Cameron Herold is the founder of COO Alliance, which helps COO’s become better leaders. He is the mastermind behind hundreds of companies' exponential growth and has built a dynamic consultancy, including his time as COO of 1-800-GOT-JUNK?. His current clients include a ‘Big 4' wireless carrier and a monarchy. 

Podcast Highlights

  • Who is Cameron Herold? 

Cameron’s first entrepreneurial memory was when he was seven years old. He was cold calling dry cleaners about how much they would pay for coat hangers. His parents raised Cameron and his siblings as entrepreneurs right from the beginning so there wasn’t really a time before then when he wasn’t doing his own thing.

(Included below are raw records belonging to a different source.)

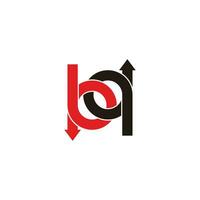 brief bq kleurrijk loops pijlen logo vector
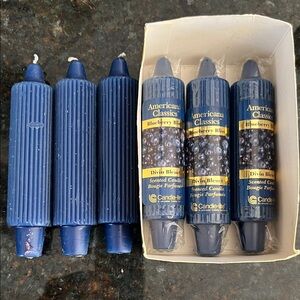 NEW Set Lot of 6 6" Americana Classics Blueberry Bliss Candles Smells Great NEW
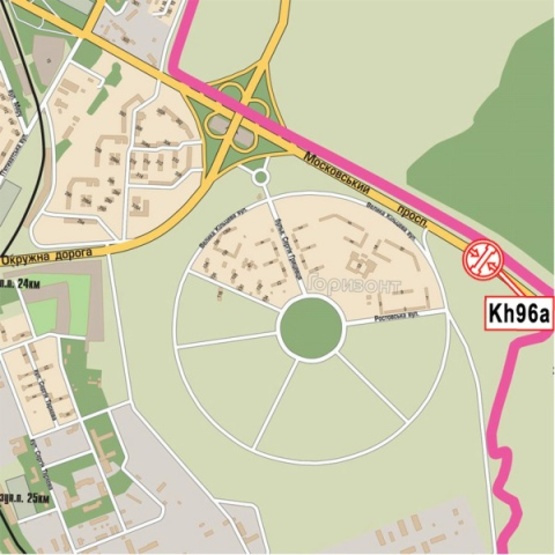 Схема рекламної площини за адресою Московский просп. - Ростовская трасса, (на разделителе), (АЗС "ОККО"), направл. в город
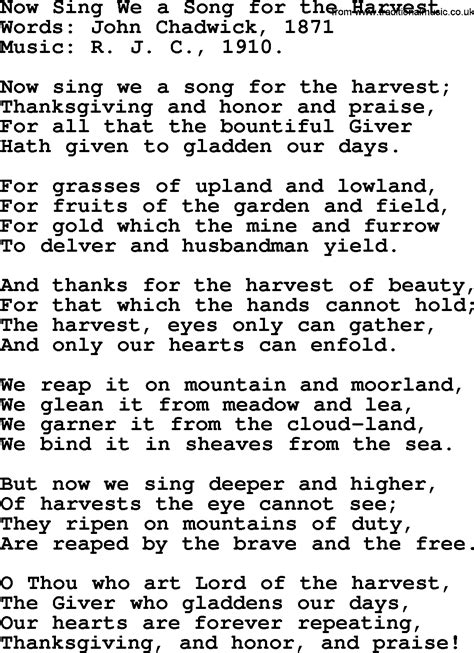 Thanksgiving and Harvest Hymns & Songs: Now Sing We A Song For The Harvest - lyrics, and PDF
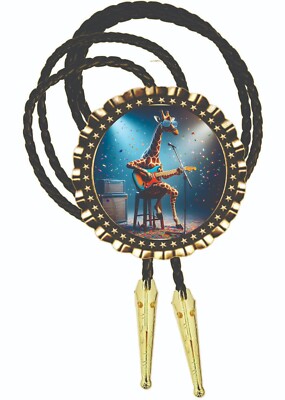 Giraffe Playing a Guitar Fun Art  Bolo Tie Men's Accessory Neckties Photo Art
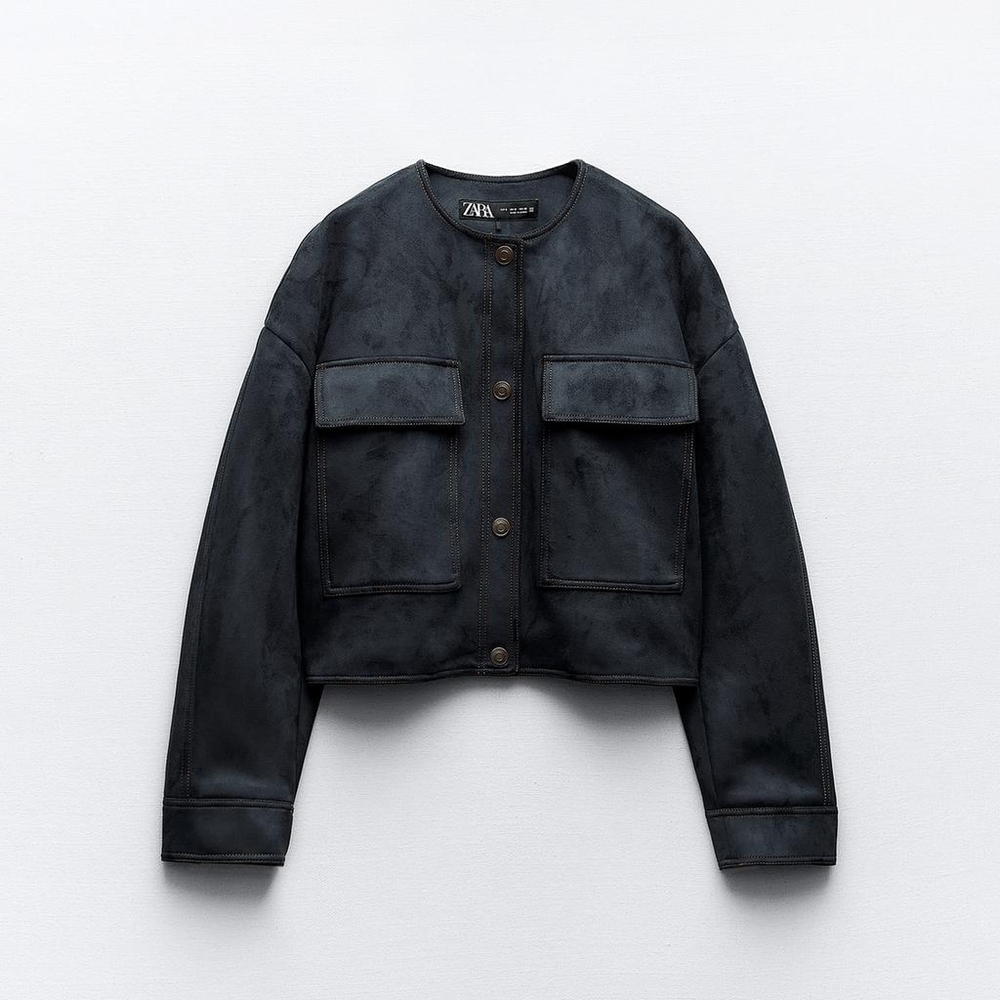 Zara FAUX SUEDE JACKET WITH CONTRAST TOPSTITCHING Size Medium - Picture 4 of 13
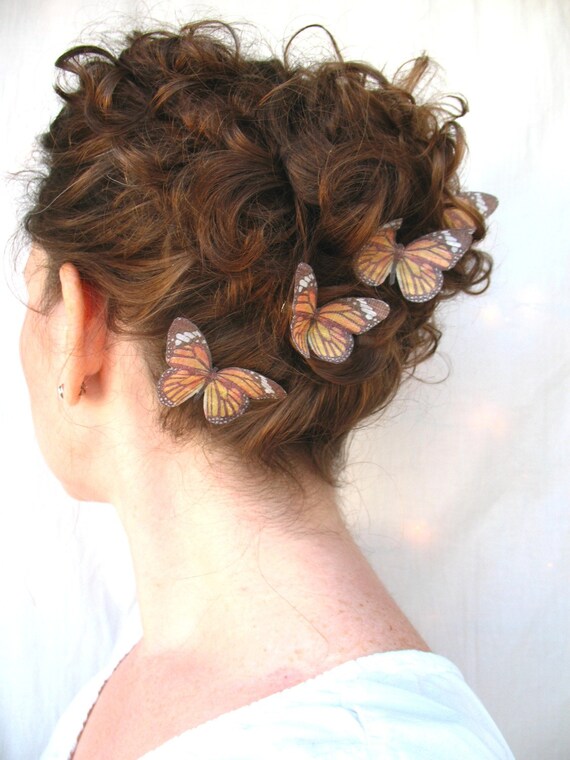 Items similar to five silk monarch butterfly hair clips 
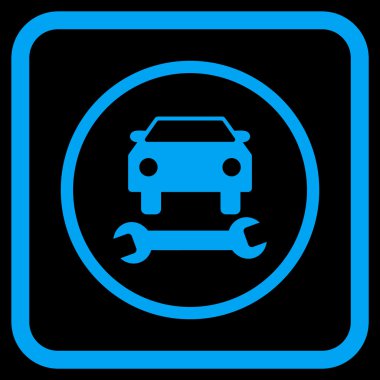 Araba tamir vektör simgesi bir çerçeve içinde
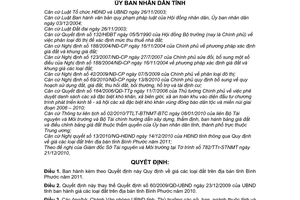 Quyết định 71/2010/QĐ-UBND giá đất trên địa bàn tỉnh Bình Phước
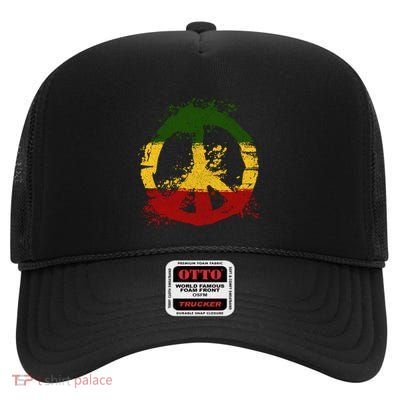 Reggae Music Rastafari Peace Rasta Jamaica Gift High Crown Mesh Back Trucker Hat
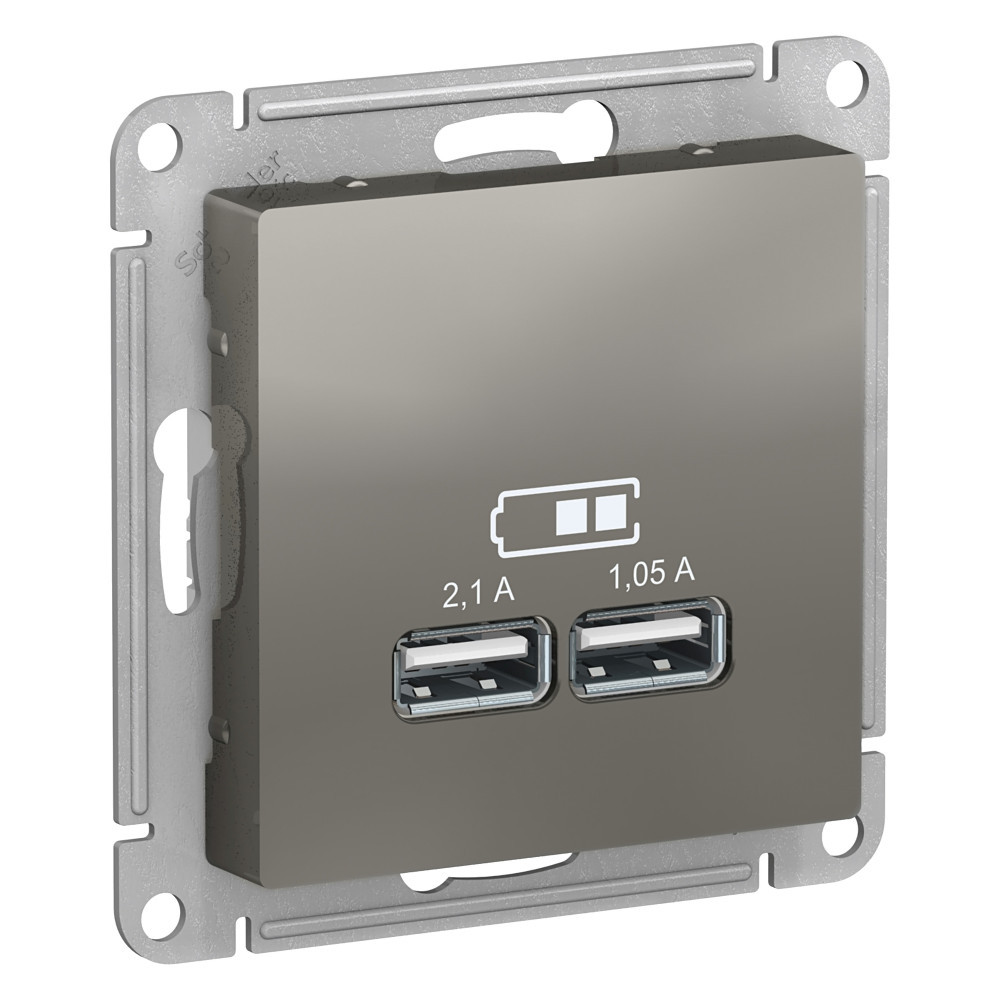 USB розетка А+А, 5В/2,1А мех, СТАЛЬ /ATN000933/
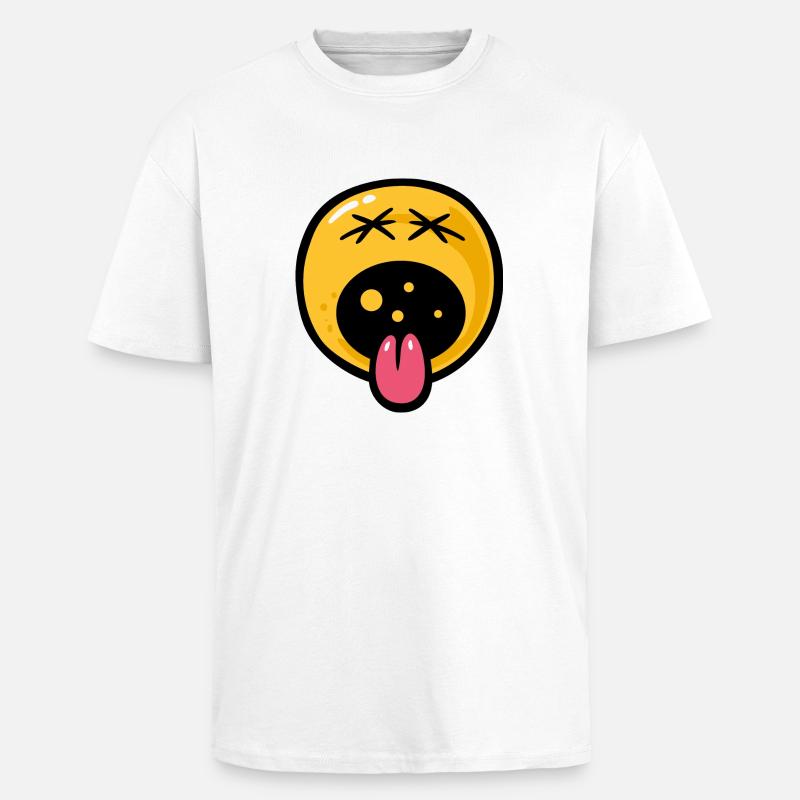 Smiley distaste - T-shirt unisexe oversize épais - blanc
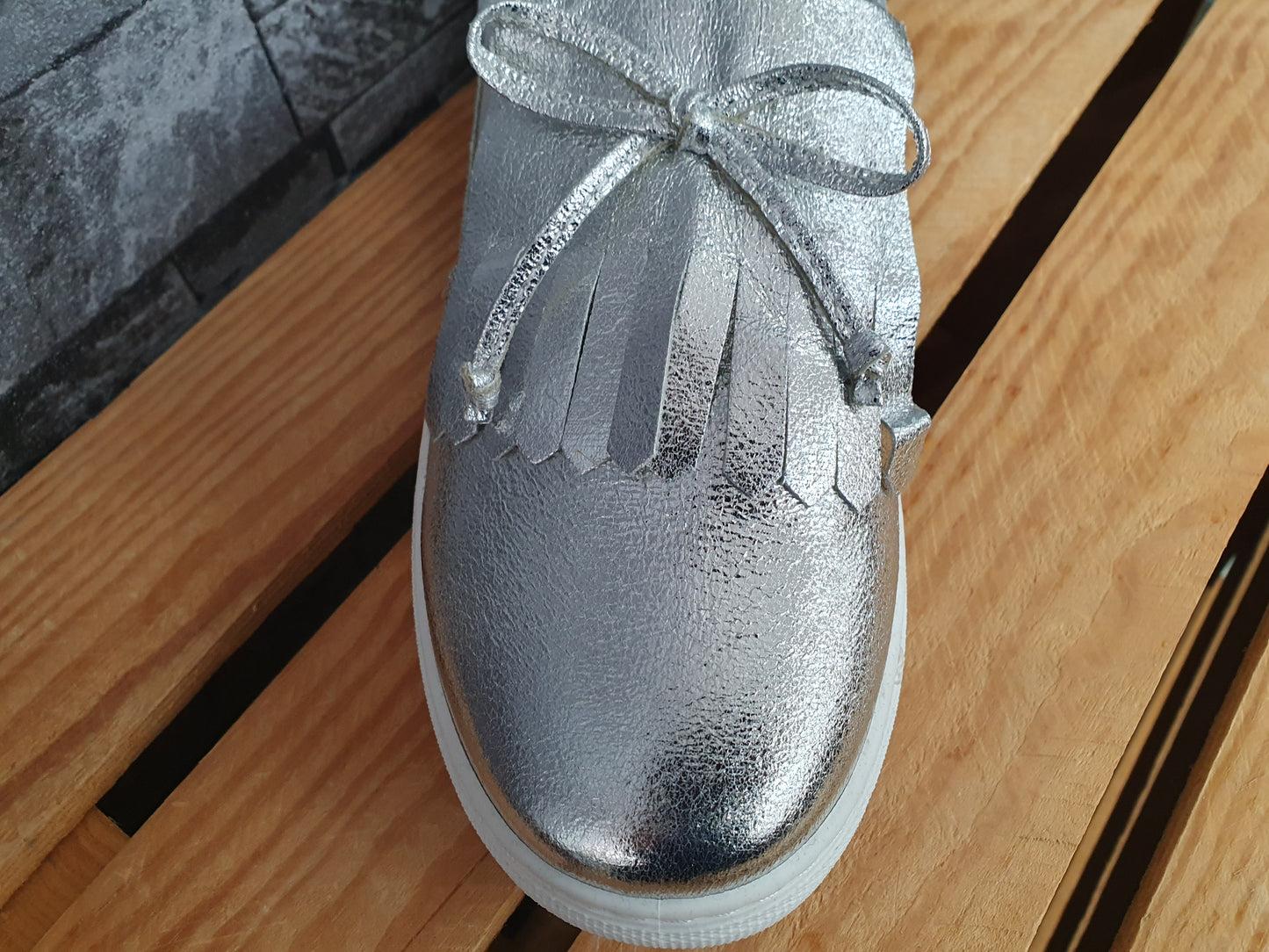 Damen Slipper Sneaker Schuhe Silber Slip On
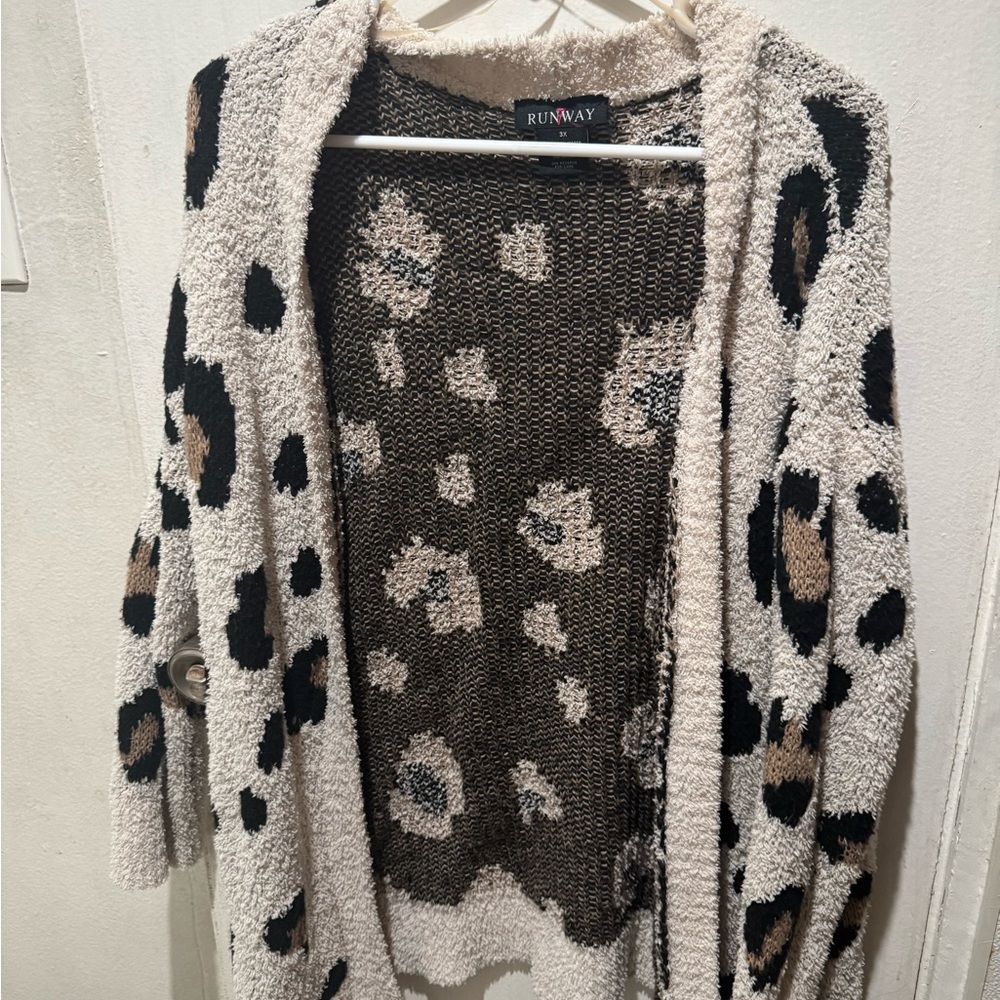 Cream and Black Leopard Print Sweater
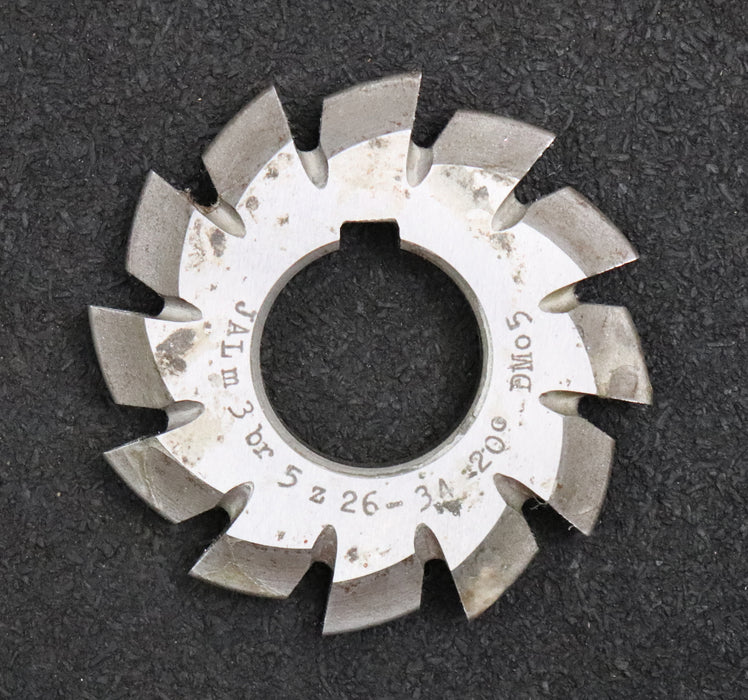 Bild des Artikels JAL-Zahnformfräser-gear-profile-cutter-m=-3mm-Nr.-5-Zähnezahlbereich-Z=-26-34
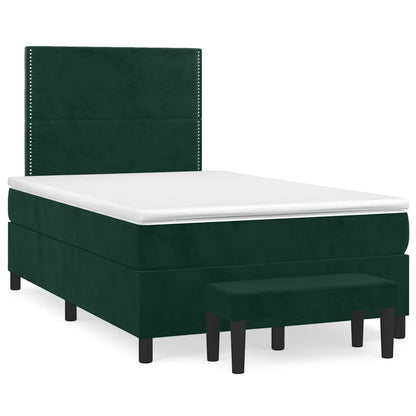 Giroletto a Molle con Materasso Verde Scuro 120x190 cm Velluto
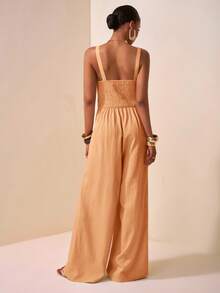 Zivah 2025新款春夏休闲度假扭纹吊带镂空后背纹理面料女长款阔腿裤卡其色婚礼季音乐节派对街头沙滩海边度假波西米亚风-A - 咖啡棕 - 查看 2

  • Why Second in Command?

Cameron started off his entrepreneurial career with College Pro Painters within a franchise which super charged his growth as an entrepreneur. He went on to work in three other companies where he was second in command and helped those companies grow. All that prepared him to take 1-800-GOT-JUNK from 14 employees to 3100 employees and that’s where he found the match between the CEO and the COO.

A lot of the time the entrepreneurs that start a business have all the vision in the world but don’t have the skills they need to grow their business, so it makes sense to bring someone in who has those skills. 

The CEO in the early days of a business is the Chief Everything Officer, but that eventually evolves into the Chief Energizing Officer once the business gets going. When they transition in the later stage they can deliver on the why of the business but not necessarily the how, which is when the COO comes in.

  • When should a CEO bring on the COO?

You need to completely trust the person as your COO on day one. If you don’t have the trust level built up, you need to keep interviewing and doing reference checks until you can trust them with the keys to your house and password to your bank account.

Try not to get wrapped up in the title, the COO could also be the VP of Operations or General Manager. You can find multiple people to shore up your weaknesses, the point is to find someone with skill sets that you don’t have.

The entrepreneur needs to know what has to happen and the COO needs to know how it has to happen. They are the executors of the business and need to be given free reign to accomplish the entrepreneurs vision.

  • Playing out of position

The CEO and the COO work in tandem. Whatever the CEO is good at, that becomes their role in the business Whatever they are not good at, they should hire a COO to fulfill those roles. This means you can outsource the vision if that’s not your strength, as long as it facilitates your end goal of time, money, and freedom. 

When you delegate finance you must trust but verify. There are ways that companies can bring on interim financial officers if they can’t afford a full time CFO to manage the finance side.

  • Your Unique Ability

Dan Sullivan talks about the idea of Unique Abilities, it’s where you basically categorize everything you do in one of four ways: Incompetent, Competent, Excellent, and Unique Abililty. Incompetent is where you’re not good at something, Competent is where you can do something, Excellent is where you do something well but don’t necessarily enjoy it, and Unique Abilities are the things that you would do for free. The goal of the CEO is to delegate everything that isn’t one of your Unique Abilities.

  • How do you find a second in command?

The first step is crafting your vivid vision, where you describe your company in the future in such detail that somebody reading it will get excited about it. Once you’ve done that you create a job description that really polarizes people. Once you put that out you will start to find people who fit that mold.

A tell tale sign that a business needs a COO is the entrepreneur that keeps banging their head against a wall trying to make something work, but they just can’t see the shortcuts that will get them past the obstacle. When you’re ready to learn you have to surround yourself with people who know more than you, get into a mastermind, and find those shortcuts.

Reference: The Miracle Morning for Entrepreneurs: Elevate Your SELF to Elevate Your BUSINESS, Cameron Herold

  • Cameron’s Takeaway

You have to jump and bring with you three things, focus, faith, and effort. You have to stay focused with your time, energy, and marketing. You have to protect your confidence in yourself, your market, your team, and your learning. Work everyday to keep up your level of faith in yourself. Then you have to truly put in the effort, working for yourself is harder than having a job but you have to put in the work. If you do those three things you will be successful.